Diffusivity for pseudo-hard-spheres, $D^{*}$, against packing fraction $\eta$ for different values of the damping time $t_d^{*}$: red for 0.1, blue for 1, and green for 10. See Fig. 5 for the details of the simulation.

Figure 5

$D/D_0$ against packing fraction $\eta$ for different values of the damping time $t_d^{*}$: red for 0.1, blue for 1, yellow for 5, and green for 10. The superimposed curve corresponds to the numerical results of Pieprzyk et al. [17] for hard spheres. Parameters of the simulations: Number of samples = 10, number of time steps (after thermalization) = 100, time step = 0.001, and number of particles per sample = $500000$. For $\eta$ greater than 0.35, the time step was changed to 0.0001.

Figure 6

Reduced diffusivity at small concentration for the Lennard-Jones potential, $D_0^{*}$, against damping time $t_d^{*}$ for $\eta =0.0052$ and temperature $T^{*}=4$. Crosses are numerical results and the curve corresponds to Eq. (29).

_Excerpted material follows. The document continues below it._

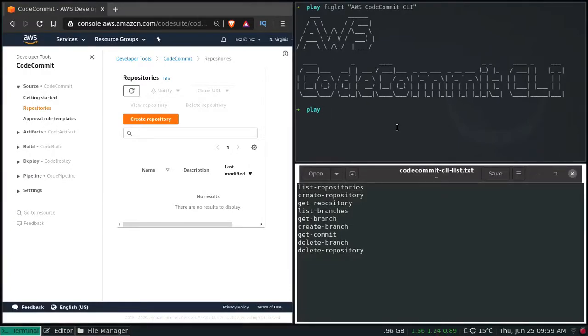Hello viewers! Hope you all are doing good. Welcome to this video. I am Nawaz and this is NXZ, the Linux Car Channel.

Parameters of the simulations: Number of samples = 100, number of time steps (after thermalization) = 200, time step = 0.001, and number of particles per sample = $108000$.

Figure 7

$D/D_0$ against packing fraction $\eta$ for different values of the damping time $t_d^{*}$: red for 0.1, blue for 1, and green for 10. The solid line corresponds to numerical simulations from Meier [30] for the Lennard-Jones potential, all with temperature $T^{*}=4$ and cutoff radius $r_c=3$. Parameters of the simulations: Number of samples = 100, number of time steps (after thermalization) = 200, time step = 0.001, and number of particles per sample = $108000$. For $\eta$ greater than 0.35, the time step was changed to 0.0001, and for $\eta$ greater than 0.5, the number of steps was changed to 500.